(Stored data entries)

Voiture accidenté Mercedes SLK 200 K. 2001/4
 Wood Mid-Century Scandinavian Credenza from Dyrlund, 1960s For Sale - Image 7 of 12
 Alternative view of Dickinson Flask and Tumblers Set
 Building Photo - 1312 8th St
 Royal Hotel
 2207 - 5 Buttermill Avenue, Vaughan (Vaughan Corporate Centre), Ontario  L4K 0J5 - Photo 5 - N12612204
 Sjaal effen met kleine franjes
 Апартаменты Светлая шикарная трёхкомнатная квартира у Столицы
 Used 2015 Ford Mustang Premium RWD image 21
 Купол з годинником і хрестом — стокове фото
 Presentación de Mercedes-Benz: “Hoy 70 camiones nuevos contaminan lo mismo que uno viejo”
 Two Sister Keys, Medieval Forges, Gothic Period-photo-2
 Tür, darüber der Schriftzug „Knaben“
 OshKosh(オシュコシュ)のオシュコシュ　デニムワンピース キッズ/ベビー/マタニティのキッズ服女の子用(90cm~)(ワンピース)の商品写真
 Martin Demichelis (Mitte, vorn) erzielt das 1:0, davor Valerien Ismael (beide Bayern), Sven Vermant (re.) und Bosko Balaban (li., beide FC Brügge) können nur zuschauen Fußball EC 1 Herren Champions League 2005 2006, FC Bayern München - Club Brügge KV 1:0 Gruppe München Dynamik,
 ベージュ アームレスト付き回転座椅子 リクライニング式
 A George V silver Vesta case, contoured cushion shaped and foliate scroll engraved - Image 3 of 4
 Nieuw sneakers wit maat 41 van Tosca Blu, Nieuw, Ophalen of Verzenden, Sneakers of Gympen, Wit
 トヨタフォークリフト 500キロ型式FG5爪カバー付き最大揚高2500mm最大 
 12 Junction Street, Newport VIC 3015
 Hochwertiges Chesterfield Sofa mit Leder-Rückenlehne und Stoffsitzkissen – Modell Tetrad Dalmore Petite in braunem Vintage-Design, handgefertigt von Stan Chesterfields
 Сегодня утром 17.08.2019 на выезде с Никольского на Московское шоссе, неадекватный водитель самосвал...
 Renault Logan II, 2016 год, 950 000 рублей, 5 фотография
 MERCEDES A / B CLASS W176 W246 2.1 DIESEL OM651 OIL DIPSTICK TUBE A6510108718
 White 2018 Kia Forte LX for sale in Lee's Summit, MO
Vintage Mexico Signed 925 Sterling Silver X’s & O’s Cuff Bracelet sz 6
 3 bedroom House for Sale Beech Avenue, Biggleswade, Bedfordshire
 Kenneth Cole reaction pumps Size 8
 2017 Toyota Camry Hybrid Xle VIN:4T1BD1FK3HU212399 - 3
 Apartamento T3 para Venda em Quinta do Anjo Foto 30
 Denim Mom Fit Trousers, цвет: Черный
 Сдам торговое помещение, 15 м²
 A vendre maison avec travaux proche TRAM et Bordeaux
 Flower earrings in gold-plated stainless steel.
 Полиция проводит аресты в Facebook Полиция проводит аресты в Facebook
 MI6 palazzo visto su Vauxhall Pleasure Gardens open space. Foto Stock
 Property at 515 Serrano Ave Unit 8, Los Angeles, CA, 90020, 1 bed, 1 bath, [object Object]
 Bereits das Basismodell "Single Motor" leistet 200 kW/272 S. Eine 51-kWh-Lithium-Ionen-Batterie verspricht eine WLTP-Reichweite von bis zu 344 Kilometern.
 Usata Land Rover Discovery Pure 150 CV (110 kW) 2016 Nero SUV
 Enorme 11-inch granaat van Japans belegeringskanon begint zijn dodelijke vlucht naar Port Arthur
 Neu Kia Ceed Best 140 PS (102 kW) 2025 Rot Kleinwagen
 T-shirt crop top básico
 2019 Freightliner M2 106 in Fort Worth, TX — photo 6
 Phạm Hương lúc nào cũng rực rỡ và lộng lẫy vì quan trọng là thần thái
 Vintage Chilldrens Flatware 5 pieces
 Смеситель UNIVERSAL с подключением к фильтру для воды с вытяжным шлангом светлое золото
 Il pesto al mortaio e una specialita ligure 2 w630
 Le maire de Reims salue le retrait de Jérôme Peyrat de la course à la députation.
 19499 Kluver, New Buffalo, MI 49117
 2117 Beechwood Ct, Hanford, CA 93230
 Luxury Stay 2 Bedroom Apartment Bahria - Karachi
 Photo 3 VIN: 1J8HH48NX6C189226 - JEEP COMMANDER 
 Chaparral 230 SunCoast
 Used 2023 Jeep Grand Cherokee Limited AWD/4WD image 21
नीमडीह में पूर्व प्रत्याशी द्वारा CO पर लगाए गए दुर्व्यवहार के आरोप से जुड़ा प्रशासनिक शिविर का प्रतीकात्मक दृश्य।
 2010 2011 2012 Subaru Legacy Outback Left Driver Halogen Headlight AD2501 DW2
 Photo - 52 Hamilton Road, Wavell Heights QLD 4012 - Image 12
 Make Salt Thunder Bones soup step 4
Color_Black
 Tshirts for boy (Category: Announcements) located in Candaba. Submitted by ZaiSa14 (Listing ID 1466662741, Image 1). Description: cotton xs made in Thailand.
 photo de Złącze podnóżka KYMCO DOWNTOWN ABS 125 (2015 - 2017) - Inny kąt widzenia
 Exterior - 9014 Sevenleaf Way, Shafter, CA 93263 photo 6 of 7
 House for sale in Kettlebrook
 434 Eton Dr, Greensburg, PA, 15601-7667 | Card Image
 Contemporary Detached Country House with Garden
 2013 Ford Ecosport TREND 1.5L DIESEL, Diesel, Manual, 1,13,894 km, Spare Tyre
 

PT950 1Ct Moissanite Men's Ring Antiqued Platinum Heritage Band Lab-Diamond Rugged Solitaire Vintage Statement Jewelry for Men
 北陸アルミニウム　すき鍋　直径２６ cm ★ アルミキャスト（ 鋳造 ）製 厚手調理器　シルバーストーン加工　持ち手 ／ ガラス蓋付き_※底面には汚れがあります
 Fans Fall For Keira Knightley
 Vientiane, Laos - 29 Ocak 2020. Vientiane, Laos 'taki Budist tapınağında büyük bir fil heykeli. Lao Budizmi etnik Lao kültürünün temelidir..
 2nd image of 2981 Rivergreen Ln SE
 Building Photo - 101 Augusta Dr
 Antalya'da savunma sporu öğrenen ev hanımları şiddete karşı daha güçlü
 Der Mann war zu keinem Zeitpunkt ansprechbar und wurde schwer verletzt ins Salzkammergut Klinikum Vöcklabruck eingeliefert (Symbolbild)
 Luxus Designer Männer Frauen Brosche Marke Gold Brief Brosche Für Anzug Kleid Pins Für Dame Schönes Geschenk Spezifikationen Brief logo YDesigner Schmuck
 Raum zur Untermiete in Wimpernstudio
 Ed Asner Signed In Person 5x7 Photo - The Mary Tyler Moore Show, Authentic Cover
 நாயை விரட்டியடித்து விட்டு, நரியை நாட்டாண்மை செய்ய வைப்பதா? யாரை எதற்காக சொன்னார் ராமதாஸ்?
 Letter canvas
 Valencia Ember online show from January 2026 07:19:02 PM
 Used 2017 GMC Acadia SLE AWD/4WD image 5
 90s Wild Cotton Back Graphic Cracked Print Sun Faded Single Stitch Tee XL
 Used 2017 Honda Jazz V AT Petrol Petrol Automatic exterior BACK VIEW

Problem to work on: Make an exact copy of all the entries above.

Exercise answer:
Voiture accidenté Mercedes SLK 200 K. 2001/4
 Wood Mid-Century Scandinavian Credenza from Dyrlund, 1960s For Sale - Image 7 of 12
 Alternative view of Dickinson Flask and Tumblers Set
 Building Photo - 1312 8th St
 Royal Hotel
 2207 - 5 Buttermill Avenue, Vaughan (Vaughan Corporate Centre), Ontario  L4K 0J5 - Photo 5 - N12612204
 Sjaal effen met kleine franjes
 Апартаменты Светлая шикарная трёхкомнатная квартира у Столицы
 Used 2015 Ford Mustang Premium RWD image 21
 Купол з годинником і хрестом — стокове фото
 Presentación de Mercedes-Benz: “Hoy 70 camiones nuevos contaminan lo mismo que uno viejo”
 Two Sister Keys, Medieval Forges, Gothic Period-photo-2
 Tür, darüber der Schriftzug „Knaben“
 OshKosh(オシュコシュ)のオシュコシュ　デニムワンピース キッズ/ベビー/マタニティのキッズ服女の子用(90cm~)(ワンピース)の商品写真
 Martin Demichelis (Mitte, vorn) erzielt das 1:0, davor Valerien Ismael (beide Bayern), Sven Vermant (re.) und Bosko Balaban (li., beide FC Brügge) können nur zuschauen Fußball EC 1 Herren Champions League 2005 2006, FC Bayern München - Club Brügge KV 1:0 Gruppe München Dynamik,
 ベージュ アームレスト付き回転座椅子 リクライニング式
 A George V silver Vesta case, contoured cushion shaped and foliate scroll engraved - Image 3 of 4
 Nieuw sneakers wit maat 41 van Tosca Blu, Nieuw, Ophalen of Verzenden, Sneakers of Gympen, Wit
 トヨタフォークリフト 500キロ型式FG5爪カバー付き最大揚高2500mm最大 
 12 Junction Street, Newport VIC 3015
 Hochwertiges Chesterfield Sofa mit Leder-Rückenlehne und Stoffsitzkissen – Modell Tetrad Dalmore Petite in braunem Vintage-Design, handgefertigt von Stan Chesterfields
 Сегодня утром 17.08.2019 на выезде с Никольского на Московское шоссе, неадекватный водитель самосвал...
 Renault Logan II, 2016 год, 950 000 рублей, 5 фотография
 MERCEDES A / B CLASS W176 W246 2.1 DIESEL OM651 OIL DIPSTICK TUBE A6510108718
 White 2018 Kia Forte LX for sale in Lee's Summit, MO
Vintage Mexico Signed 925 Sterling Silver X’s & O’s Cuff Bracelet sz 6
 3 bedroom House for Sale Beech Avenue, Biggleswade, Bedfordshire
 Kenneth Cole reaction pumps Size 8
 2017 Toyota Camry Hybrid Xle VIN:4T1BD1FK3HU212399 - 3
 Apartamento T3 para Venda em Quinta do Anjo Foto 30
 Denim Mom Fit Trousers, цвет: Черный
 Сдам торговое помещение, 15 м²
 A vendre maison avec travaux proche TRAM et Bordeaux
 Flower earrings in gold-plated stainless steel.
 Полиция проводит аресты в Facebook Полиция проводит аресты в Facebook
 MI6 palazzo visto su Vauxhall Pleasure Gardens open space. Foto Stock
 Property at 515 Serrano Ave Unit 8, Los Angeles, CA, 90020, 1 bed, 1 bath, [object Object]
 Bereits das Basismodell "Single Motor" leistet 200 kW/272 S. Eine 51-kWh-Lithium-Ionen-Batterie verspricht eine WLTP-Reichweite von bis zu 344 Kilometern.
 Usata Land Rover Discovery Pure 150 CV (110 kW) 2016 Nero SUV
 Enorme 11-inch granaat van Japans belegeringskanon begint zijn dodelijke vlucht naar Port Arthur
 Neu Kia Ceed Best 140 PS (102 kW) 2025 Rot Kleinwagen
 T-shirt crop top básico
 2019 Freightliner M2 106 in Fort Worth, TX — photo 6
 Phạm Hương lúc nào cũng rực rỡ và lộng lẫy vì quan trọng là thần thái
 Vintage Chilldrens Flatware 5 pieces
 Смеситель UNIVERSAL с подключением к фильтру для воды с вытяжным шлангом светлое золото
 Il pesto al mortaio e una specialita ligure 2 w630
 Le maire de Reims salue le retrait de Jérôme Peyrat de la course à la députation.
 19499 Kluver, New Buffalo, MI 49117
 2117 Beechwood Ct, Hanford, CA 93230
 Luxury Stay 2 Bedroom Apartment Bahria - Karachi
 Photo 3 VIN: 1J8HH48NX6C189226 - JEEP COMMANDER 
 Chaparral 230 SunCoast
 Used 2023 Jeep Grand Cherokee Limited AWD/4WD image 21
नीमडीह में पूर्व प्रत्याशी द्वारा CO पर लगाए गए दुर्व्यवहार के आरोप से जुड़ा प्रशासनिक शिविर का प्रतीकात्मक दृश्य।
 2010 2011 2012 Subaru Legacy Outback Left Driver Halogen Headlight AD2501 DW2
 Photo - 52 Hamilton Road, Wavell Heights QLD 4012 - Image 12
 Make Salt Thunder Bones soup step 4
Color_Black
 Tshirts for boy (Category: Announcements) located in Candaba. Submitted by ZaiSa14 (Listing ID 1466662741, Image 1). Description: cotton xs made in Thailand.
 photo de Złącze podnóżka KYMCO DOWNTOWN ABS 125 (2015 - 2017) - Inny kąt widzenia
 Exterior - 9014 Sevenleaf Way, Shafter, CA 93263 photo 6 of 7
 House for sale in Kettlebrook
 434 Eton Dr, Greensburg, PA, 15601-7667 | Card Image
 Contemporary Detached Country House with Garden
 2013 Ford Ecosport TREND 1.5L DIESEL, Diesel, Manual, 1,13,894 km, Spare Tyre
 

PT950 1Ct Moissanite Men's Ring Antiqued Platinum Heritage Band Lab-Diamond Rugged Solitaire Vintage Statement Jewelry for Men
 北陸アルミニウム　すき鍋　直径２６ cm ★ アルミキャスト（ 鋳造 ）製 厚手調理器　シルバーストーン加工　持ち手 ／ ガラス蓋付き_※底面には汚れがあります
 Fans Fall For Keira Knightley
 Vientiane, Laos - 29 Ocak 2020. Vientiane, Laos 'taki Budist tapınağında büyük bir fil heykeli. Lao Budizmi etnik Lao kültürünün temelidir..
 2nd image of 2981 Rivergreen Ln SE
 Building Photo - 101 Augusta Dr
 Antalya'da savunma sporu öğrenen ev hanımları şiddete karşı daha güçlü
 Der Mann war zu keinem Zeitpunkt ansprechbar und wurde schwer verletzt ins Salzkammergut Klinikum Vöcklabruck eingeliefert (Symbolbild)
 Luxus Designer Männer Frauen Brosche Marke Gold Brief Brosche Für Anzug Kleid Pins Für Dame Schönes Geschenk Spezifikationen Brief logo YDesigner Schmuck
 Raum zur Untermiete in Wimpernstudio
 Ed Asner Signed In Person 5x7 Photo - The Mary Tyler Moore Show, Authentic Cover
 நாயை விரட்டியடித்து விட்டு, நரியை நாட்டாண்மை செய்ய வைப்பதா? யாரை எதற்காக சொன்னார் ராமதாஸ்?
 Letter canvas
 Valencia Ember online show from January 2026 07:19:02 PM
 Used 2017 GMC Acadia SLE AWD/4WD image 5
 90s Wild Cotton Back Graphic Cracked Print Sun Faded Single Stitch Tee XL
 Used 2017 Honda Jazz V AT Petrol Petrol Automatic exterior BACK VIEW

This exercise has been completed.